[Data entries]
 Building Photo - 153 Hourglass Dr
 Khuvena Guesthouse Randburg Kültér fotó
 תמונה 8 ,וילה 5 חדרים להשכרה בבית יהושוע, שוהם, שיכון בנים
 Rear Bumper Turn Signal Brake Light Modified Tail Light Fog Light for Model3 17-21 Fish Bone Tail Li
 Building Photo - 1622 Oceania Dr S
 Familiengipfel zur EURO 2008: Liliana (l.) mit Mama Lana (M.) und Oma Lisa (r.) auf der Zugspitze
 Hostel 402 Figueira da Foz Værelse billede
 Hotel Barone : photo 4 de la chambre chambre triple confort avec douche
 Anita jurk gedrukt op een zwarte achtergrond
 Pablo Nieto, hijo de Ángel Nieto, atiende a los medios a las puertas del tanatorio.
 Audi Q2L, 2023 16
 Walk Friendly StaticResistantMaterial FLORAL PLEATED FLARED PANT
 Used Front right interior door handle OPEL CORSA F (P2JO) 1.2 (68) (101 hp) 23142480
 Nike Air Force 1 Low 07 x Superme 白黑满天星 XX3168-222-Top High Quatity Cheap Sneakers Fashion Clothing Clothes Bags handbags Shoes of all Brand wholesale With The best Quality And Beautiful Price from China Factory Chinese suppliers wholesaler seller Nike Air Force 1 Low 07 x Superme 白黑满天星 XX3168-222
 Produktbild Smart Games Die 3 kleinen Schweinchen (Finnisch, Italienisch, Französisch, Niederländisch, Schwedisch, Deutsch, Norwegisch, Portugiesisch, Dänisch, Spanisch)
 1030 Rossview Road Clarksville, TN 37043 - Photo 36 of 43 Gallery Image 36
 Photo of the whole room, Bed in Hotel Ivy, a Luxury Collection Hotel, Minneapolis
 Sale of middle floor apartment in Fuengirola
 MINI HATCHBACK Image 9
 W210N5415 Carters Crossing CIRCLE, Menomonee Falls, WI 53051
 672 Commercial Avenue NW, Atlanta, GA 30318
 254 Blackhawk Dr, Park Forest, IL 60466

Work to be completed => Every line holding the string "Building" should be copied here, so please find those lines in the data.

Worked solution =>
 Building Photo - 153 Hourglass Dr
 Building Photo - 1622 Oceania Dr S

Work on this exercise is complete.